--- START ---

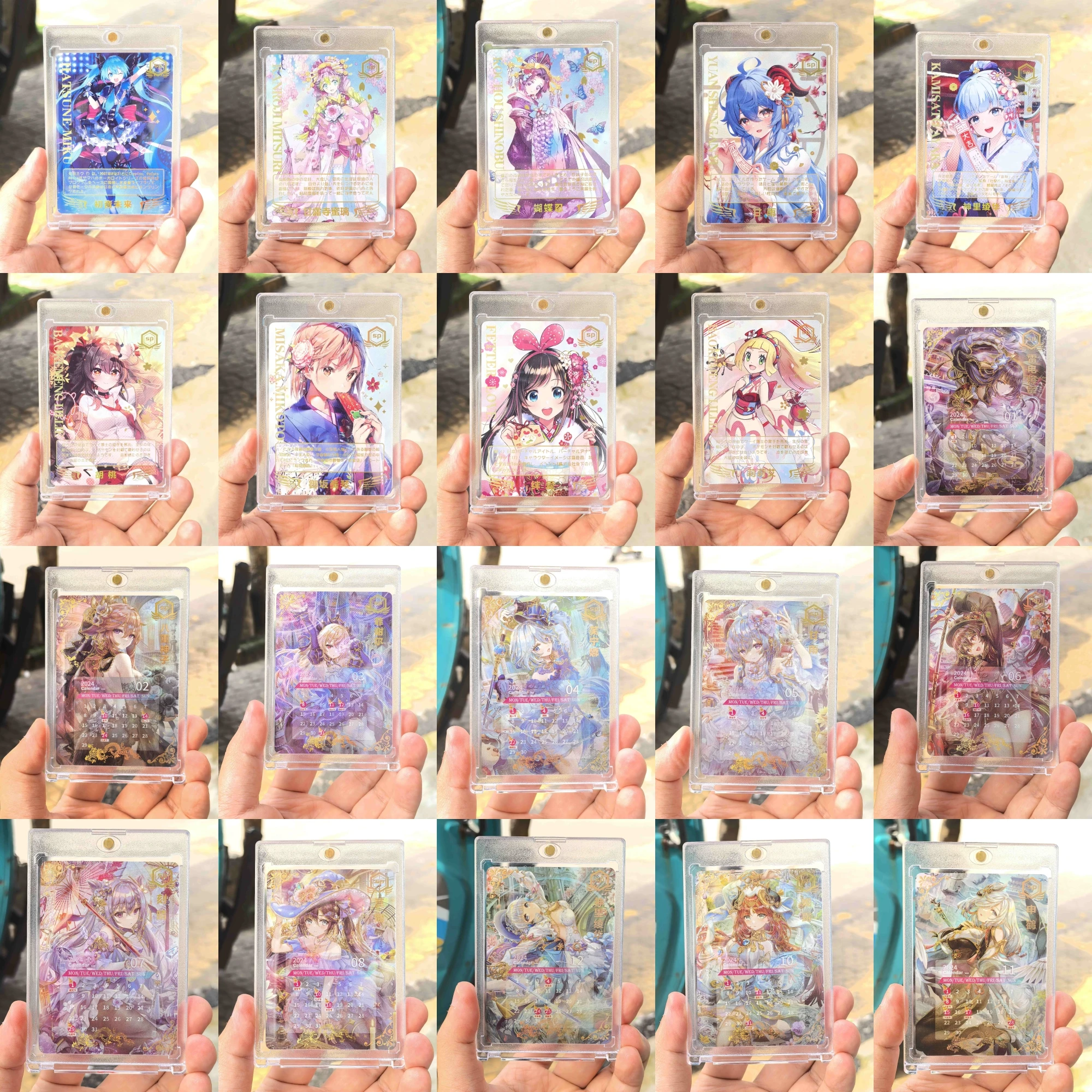 Carte de collection Genshin Impact Goddess Story, Goddess Story, Goddess Story, Sp ata ku, CAN Lie, DIY, Anime Card Gift, Année du Dragon, Self Made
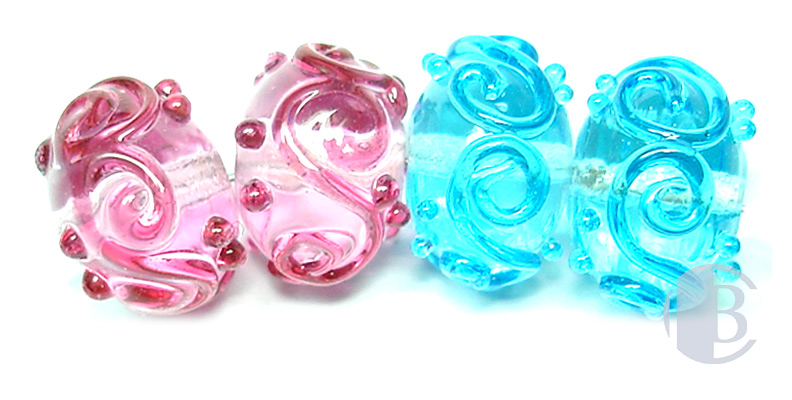 european style murano glass beads
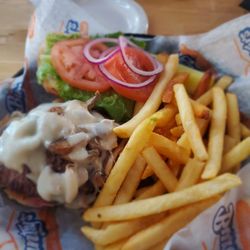Buntsy's Neighborhood Food and Drink - Truffle Shuffle Burger with Fries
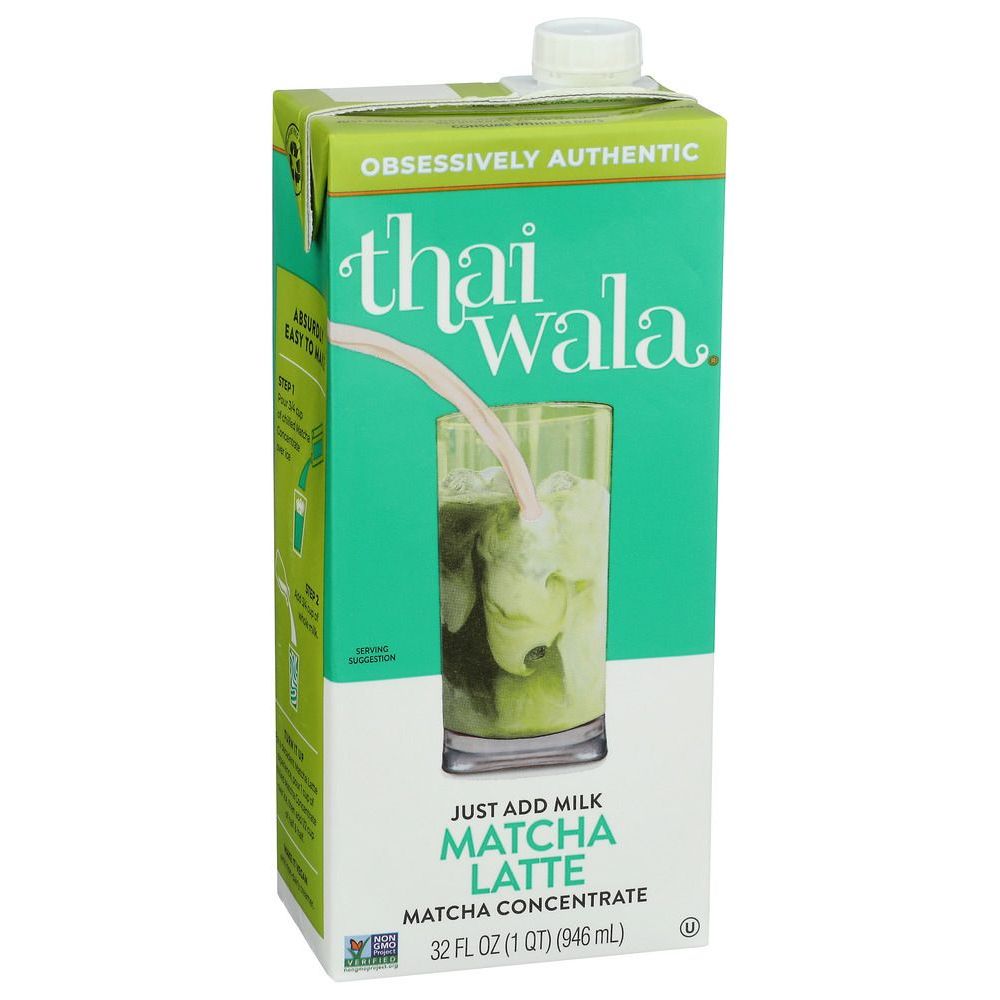 Thaiwala Matcha Tea Concentrate, 32 Fluid Ounce -- 6 Per Case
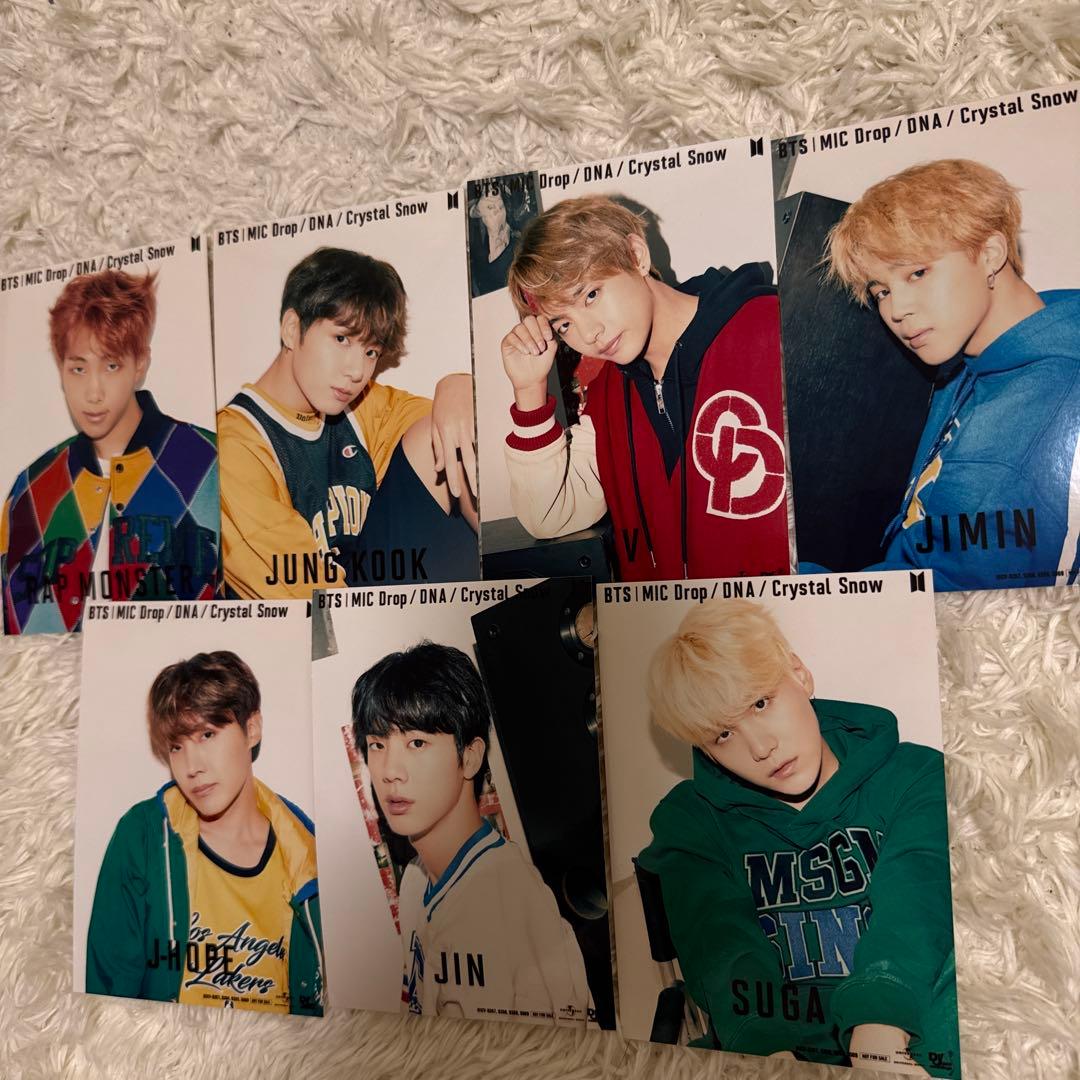 BTS MIC Drop / DNA / Crystal  4枚組
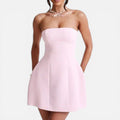 Strapless A-Line Wedding Guest Mini Dress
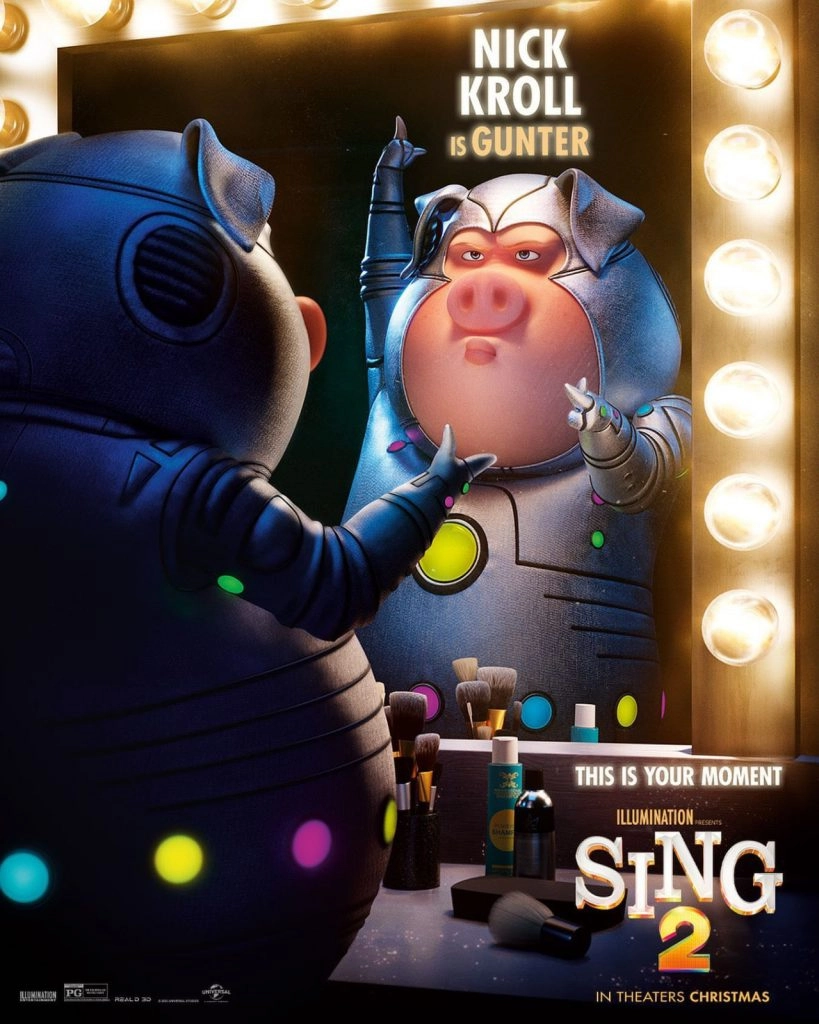 "Sing 2" reveals character posters, Nick Kroll returns to voice Gunter
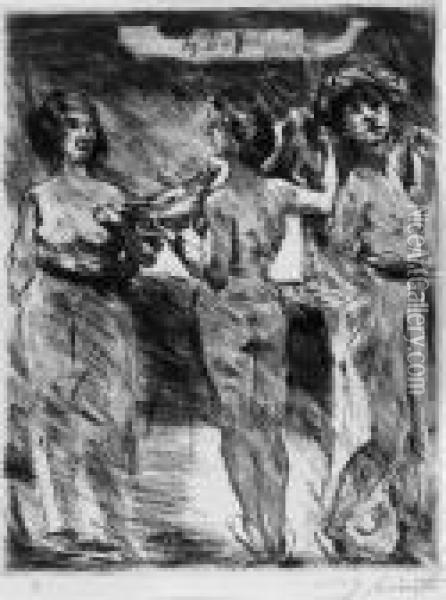 Die Drei Parzen Oil Painting - Lovis (Franz Heinrich Louis) Corinth
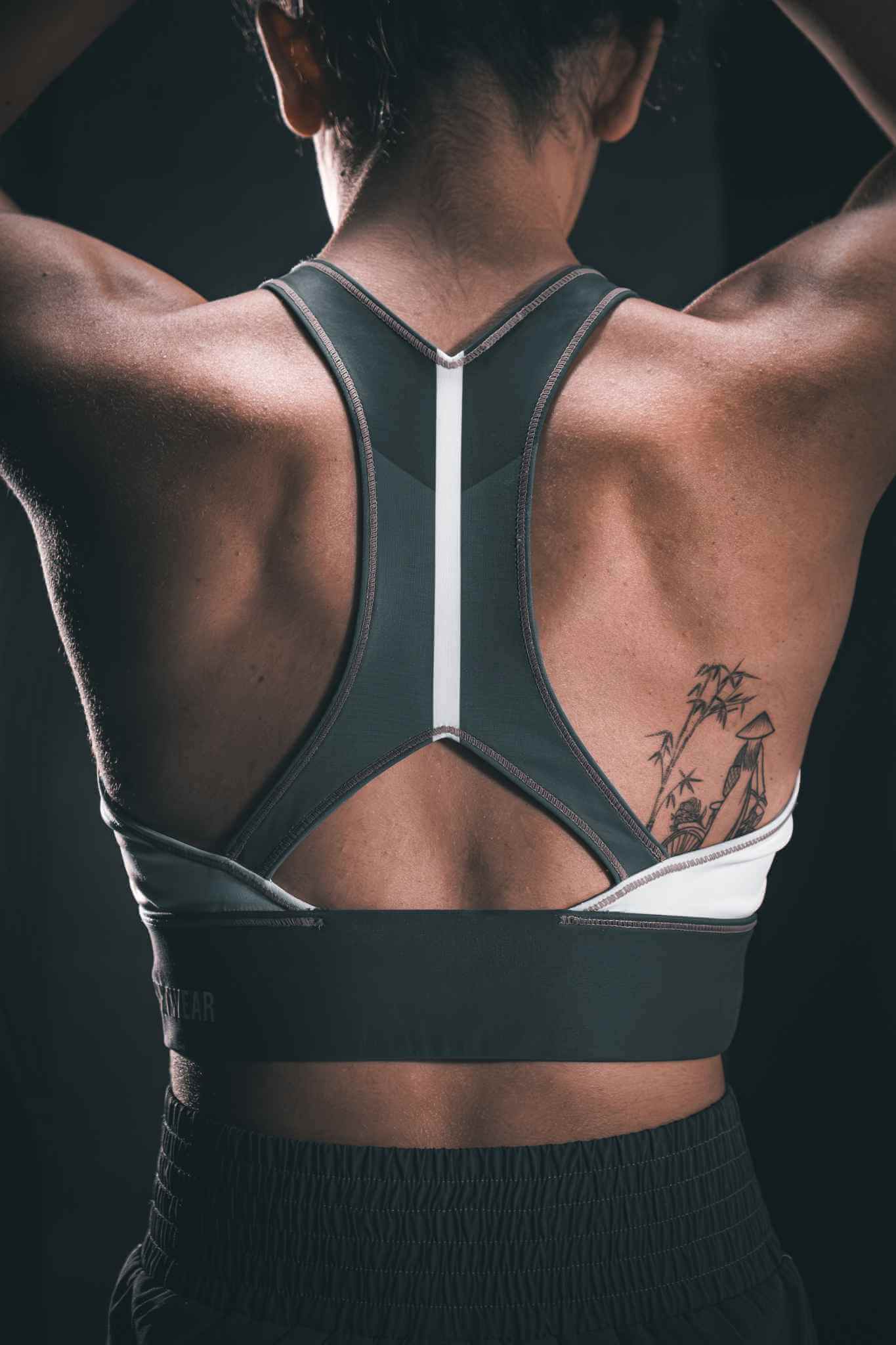 Brassière de boxe dos nageur femme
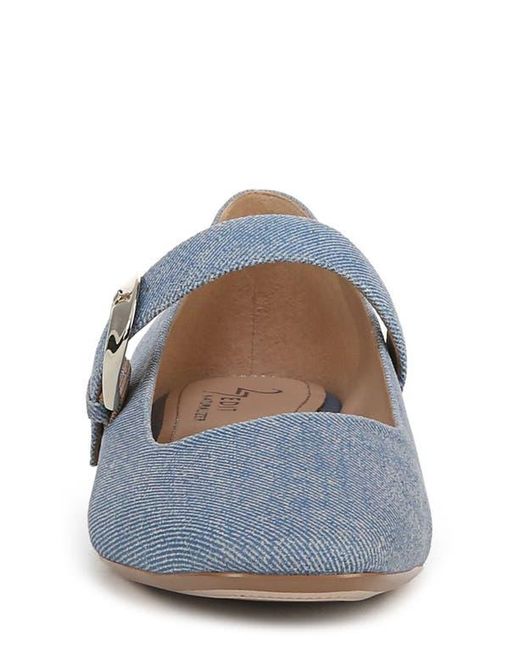 27 EDIT Naturalizer Blue Carter Mary Jane Flat
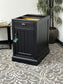 Black Modular Pedestal Cabinet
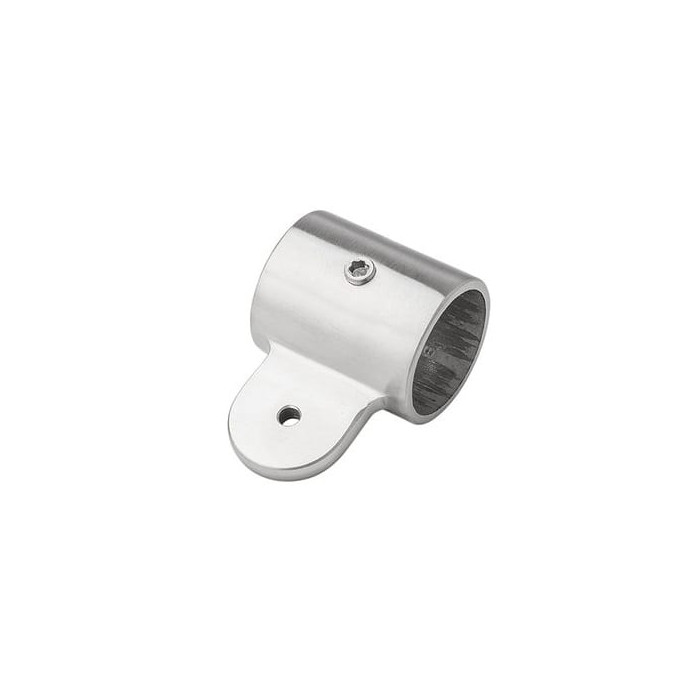 Koppeling plaatmontage voor buis 28 mm RVS-316 mat geslepen Edelstahl-316 main product photo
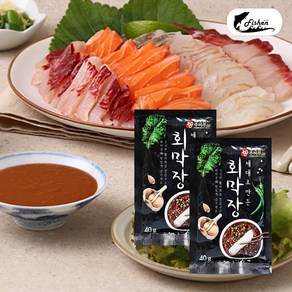 피쉬앤 막장 50팩세트 회막장 쌈장 쌈소스, 40g, 50개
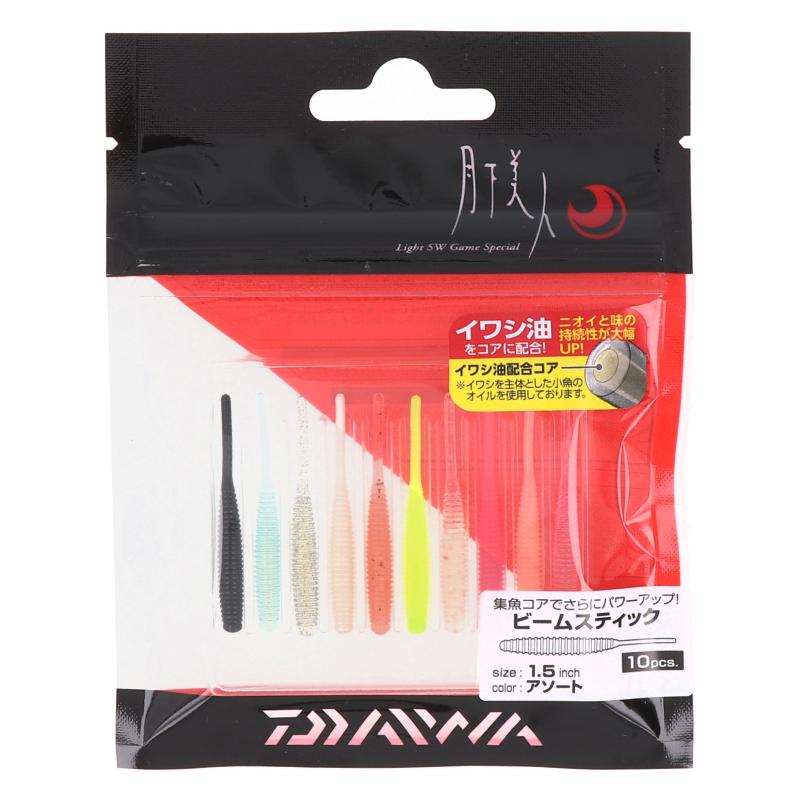 DAIWA（ダイワ） ワーム 月下美人 ビームスティック 1.5インチ
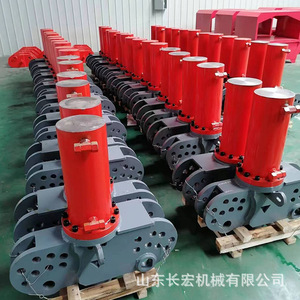 Máquina Hidráulica para Romper Pilotes Changhong para Excavadora, Color Rojo, con Componente Central de Rompedor Hidráulico - Product Image 2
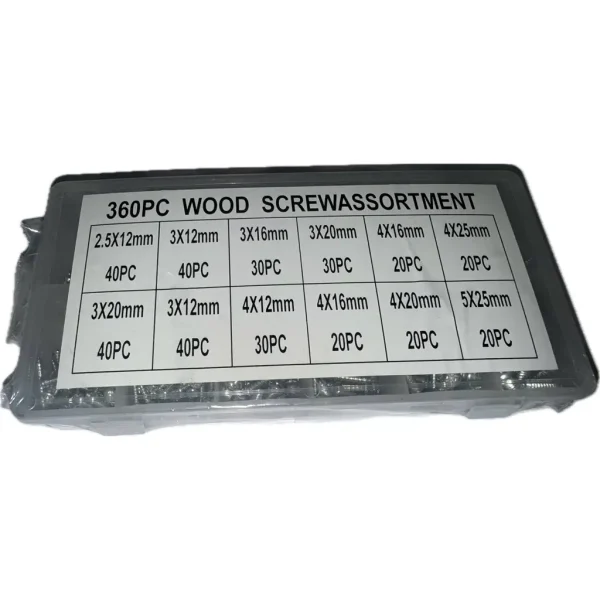 360PC Wood screw assortment
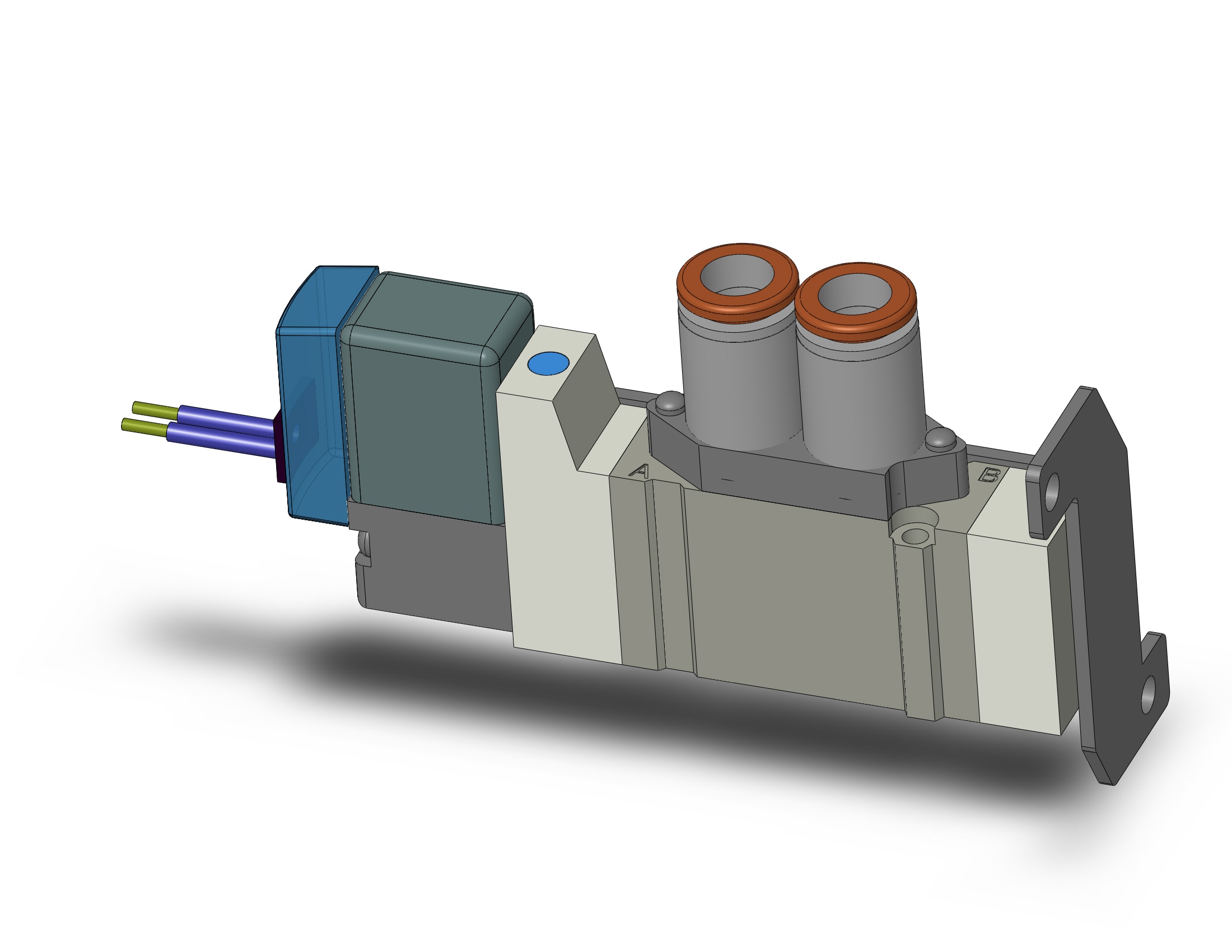 SMC SY3120-6G-C6-F1 valve, sgl sol, body pt (dc), SY3000 SOL/VALVE, RUBBER SEAL***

--- END ---

#### [Directions for this task]
The data is to be printed again exactly, but without its pictures.

#### [Exercise solution]
 Carte de collection Genshin Impact Goddess Story, Goddess Story, Goddess Story, Sp ata ku, CAN Lie, DIY, Anime Card Gift, Année du Dragon, Self Made
 european style murano glass beads
Buntsy's Neighborhood Food and Drink - Truffle Shuffle Burger with Fries
 Thaiwala Matcha Tea Concentrate, 32 Fluid Ounce -- 6 Per Case
 BTS MIC Drop / DNA / Crystal  4枚組
 Strapless A-Line Wedding Guest Mini Dress
 "Sing 2" reveals character posters, Nick Kroll returns to voice Gunter
 Die Drei Parzen Oil Painting - Lovis (Franz Heinrich Louis) Corinth
 Brassière de boxe dos nageur femme
 27 EDIT Naturalizer Blue Carter Mary Jane Flat
 Black Modular Pedestal Cabinet
 Koppeling plaatmontage voor buis 28 mm RVS-316 mat geslepen Edelstahl-316 main product photo
 피쉬앤 막장 50팩세트 회막장 쌈장 쌈소스, 40g, 50개
 DAIWA（ダイワ） ワーム 月下美人 ビームスティック 1.5インチ
 Máquina Hidráulica para Romper Pilotes Changhong para Excavadora, Color Rojo, con Componente Central de Rompedor Hidráulico - Product Image 2
 360PC Wood screw assortment
 SMC SY3120-6G-C6-F1 valve, sgl sol, body pt (dc), SY3000 SOL/VALVE, RUBBER SEAL***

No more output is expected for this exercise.